What’s even better was growing up in Hall Green. Running through it is a main road and railway line which runs all the way to Stratford Upon Avon, the birthplace of William Shakespeare, so they say (some claim he was born in Norfolk or East Anglia. Unfortunately for that town, they lost out on annual multi-million pound tourism industry). It’s funny how people make fun of the regional accent, when some the greatest playwrights and writers grew up around. A source of great inspiration I think.

Must kids in the south Birmingham area have gone to Stratford more times than they’ve had hot dinners. Most school trips and school holidays involved a visit, maybe two or three times a year. No complaints on my part. I loved it. I’d go by myself on odd occasions. Most foreign friends I have taken there. I’ve gone on the odd beer crawl. Even though I am a writer and really enjoy Shakespeares work now, I used to much prefer the Butterfly Museum, which we would have an assortment of parakeets flying around a big leafy greenhouse, not to forget the scurrying quails on the ground.

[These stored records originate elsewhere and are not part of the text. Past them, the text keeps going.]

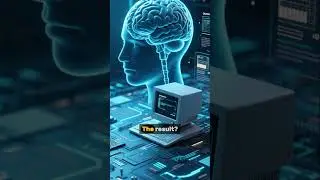 Smart Investing: How AI Predicts Market Trends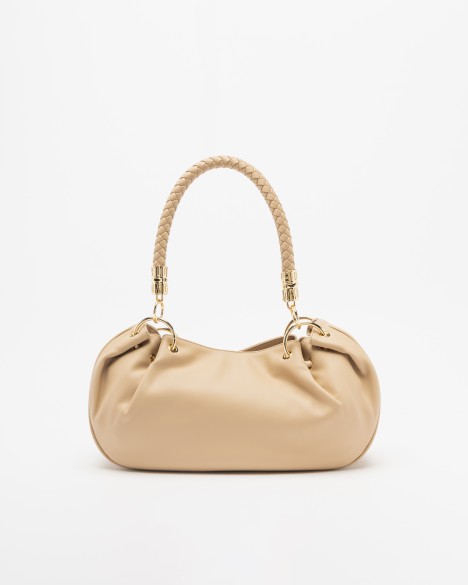 Love Moschino Shoulder bag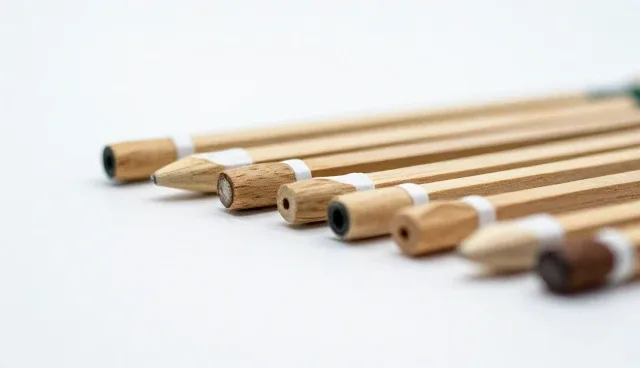 提升用户满意度的运营策略与维护建议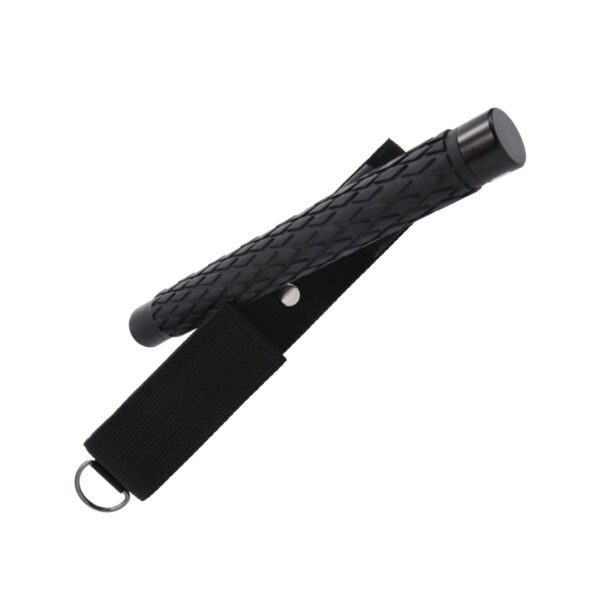 Cold Steel Expandable Baton 26''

On this occasion, I of course took Pamela by car. She loved the canals and theatres and medieval houses, as well as sweet little shops (although like most visitors, she was freaked by the Christmas shop; open 365 days a year (apart from Christmas Day; beautiful ironies are such a blessing to the heart)). She also scoffed at the price to Shakespeares’s birthplace. We did find a little place that sold fudge, and Pamela took affection to the fudge seller’s accent, which happened to be Glasweigan. Glasgow also happened to be the last leg of our UK tour (it feels a bit tongue and cheek by saying Scotland is part of the UK now). It turns out, his brother has a bakery very close to where my Uncle and Aunty live in Newlands, just at the bottom of the road in fact. Later on, Pamela heard Spanish being spoken and the Latina chip in her head went into high alert, with a need ask a thousand questions about their origin at an exhaustable pace. These poor lads hailed from Chile. Saying that, I’m kind of like that with Hondurans who have visited the UK. “WHY DIDN’T YA GO TO BRUM?”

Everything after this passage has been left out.